Friday, April 25, 2014

I can feel it build like a volocano exploding. It takes me hours to figure out what I need, where it is stemming from. Like a virus taking over my body. But then I remember, I remember the earth. And I turn to her for healing. I turn to her for truth. Truth I feel abandoned. I feel like everyone has left. I feel as though when I choose to step away from SR people stepped away from me. And that hurts. It feels unfair as if there is something wrong with me. As if I'm just not good enough. But maybe it's not my story, maybe I can rewrite my herstory. Maybe there is a way to transform all of it. To turn into the people that are willing to be there, the people that are willing to believe. What would happen then? I don't know. But I can say it is difficult to have only one parent and she doesn't believe, she worries. I know she worries about the money it costs I have a feeling she worries I'm not smart enough. And I feel hurt. I feel unheard. And most of all right now I feel deeply alone and disconnected. I feel overwhelmed and I"m not sure how to remedy and find space to breathe. I'm trying so hard to make it I'm afraid I may be missing the point. I may be missing the journey. Life isn't about shoving it all down so we don't feel but it's about the sorrows and the joys, but I feel so disconnected from life. And I simply want to crawl into a hole and stay there. Somedays I wonder who would really care, who would really notice. And I'm left pondering the short list. Do I need a long list or do I simply need someone to hear my story, to hear how difficult the journey has been, to hear that I am still sad, that I am still not okay. Maybe I just need to tell it over and over again. Maybe I need to write it and draw and dance it out. Maybe I need to do all of that. And maybe I need to call and share. Maybe I just need to cry.

Maybe I need to try something different. Maybe maybe is a new motto.

Friday, April 11, 2014

Transformation

They say change is hard. Is transformation harder? A butterfly turns to mush. Is that we do when we transform? What does it truly mean to transform? Does it mean to fully change like a butterfly or slowly change like Darwin's theory of evolution... I wonder where I sit and where I stand. Where I stand in power and where I stand in fear. The word transformation for me means an all encompassing word for all words. It requires patience, courage, bravery, risks, safety, compassion, love, and the words go on. I was reading through some old poems I wrote just 6 months after my father's death and seeing the change.


To Begin Again (5/31/2011)

Each night I live alone
The darkness fills the room
Like an old friend. 
It consumes me. 
I am left to fight it without you.
Since you've left I've forgotten how to live. 
As if I slipped into a void when you died. 
I died too. 
I am no longer living.
The pain has taken over.
I sit in the middle of night
crying your name. 
Wishing for only my father. 
You do not answer. 
The screams echo in the darkness.
Nothing comforts. 
Nothing heals. 
Life is too much. 
Yet somewhere I hear a faint whisper. 
Of hope.
Of faith. 
Of remembrance. 
Your legacy will not die with me. 
If only I could find a way to live again. 
To begin again. 

I am no longer feeling as though I am the walking dead. How does it change by choosing to engage with life a little bit at a time. And quite frankly committing to live my dreams. Learning to have discretion in sharing my heart carefully.
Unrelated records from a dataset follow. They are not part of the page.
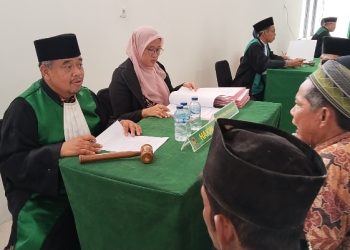 Para Pasutri mengikuti sidang isbat yang digelar pemerintah kecamatan carenang. Dok (Nurlan)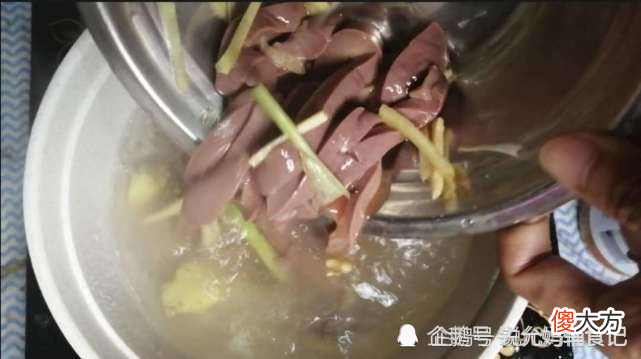 宝宝要补铁吗？妈妈试试辅食做这款猪腰汤，宝宝：这个汤好喝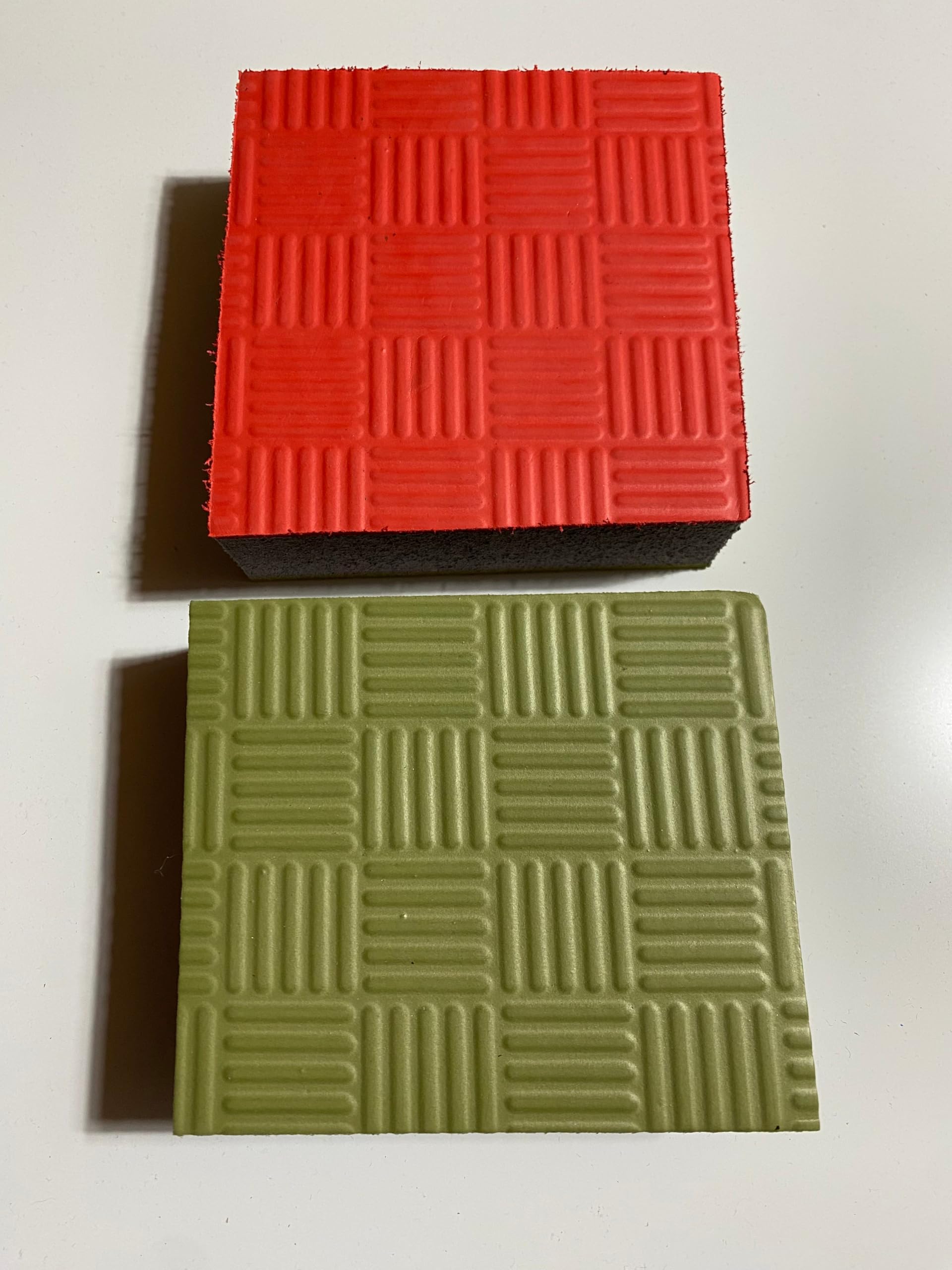 Kampfsportmatte rot-grün - 100 x 100 x 4 cm - Verzahnte Ränder - Wendematte, Trainingsmatte - Judo, Karate, Ju-Jutsu, Taekwondo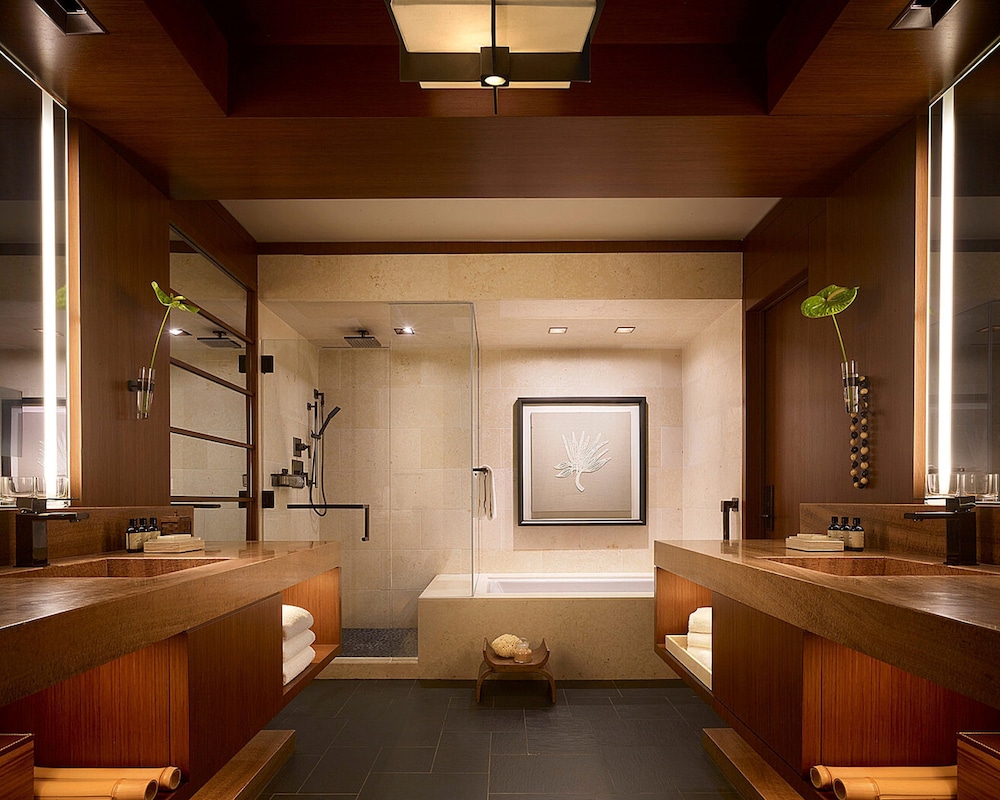 Room, 1 King Bed, Oceanfront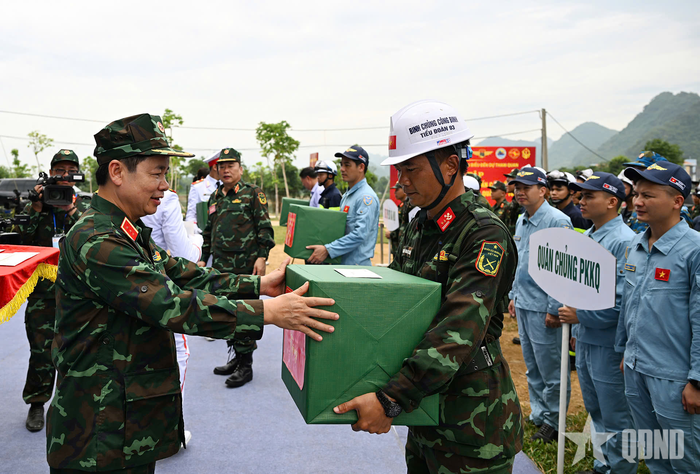  Thượng tướng Đỗ Xuân Tụng, Ủy viên Trung ương Đảng, Phó chủ nhiệm Tổng cục Chính trị động viên, tặng quà lực lượng tham gia diễn tập.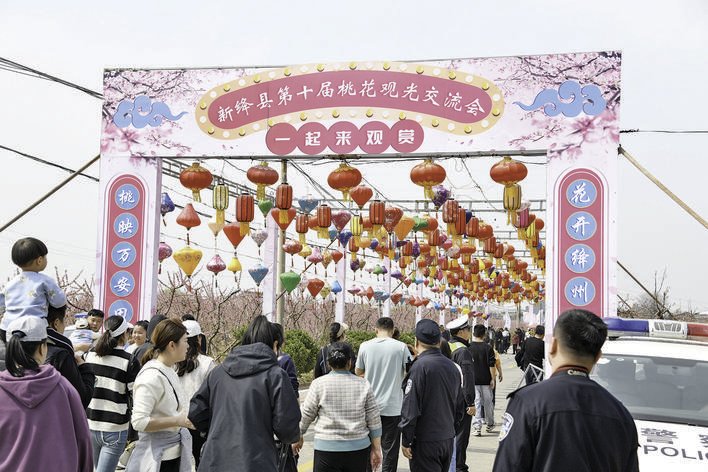 各地游客齐聚万安赏桃林之美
I have learned to create my own rituals. The faint whisper is no longer a whisper. Its a soft quiet voice cheering my own. Reminding my that the even the smallest feats lead to transforming my life. Take climbing a mountain, you don't jump to the top, you take it a step at a time. Creating change in small increments and then seeing the big things happen. 

I want to begin again. I am calling in grief. I am calling in the release of what is NOT serving me. I am calling in a new way of living. I am calling in that I am indeed a healer and I want to embody that spirit. I want to heal. I want to learn to change the relationship with my father, i want to learn to communicate with him more clearly. I want to learn to hear him. I want to learn to hear the divine more clearly. I took a walk today and walked barefoot in the park feeling the grass beneath my feet. It is what I need a strong connection to Mother Earth. I want to learn to deepening. I want to redefine transformation. After so much healing work it feels tainted. The butterfly image for me feels tainted. I want to burn my anger, resentment, hurt, abandonment, loss, grief like a phoenix and rise from the ashes. I want to glow red and let me light shine. I want to break open the boxes around my heart. Though I want to do all of this in a gentle compassionate way. But transformation is the dark night of the soul. It is changing beliefs, behaviors, ways of being, stopping generational patterns. It is all of these things and it is not easy. But it is the soul path, and I do not want to be on any other path. This is my path to rebirth, this is my path to service, this is my path to a gloriously, brilliant, wonderful happy loving life.

Friday, April 4, 2014

Grief

Death brings unwanted feelings into my heart. I close it off in the hope of protecting myself from the darkness but it only seems to get darker. I look up at the stars and the moon and I see hope. I see my father bright as his life. And I wonder how I could let all the voices into my heart. I thought I was closing out the voices but I closed them. They are making decisions and choices I want no part of. The voices of get over it, time will heal all wounds, here let me fix it, the people who run away. And all I feel is alone.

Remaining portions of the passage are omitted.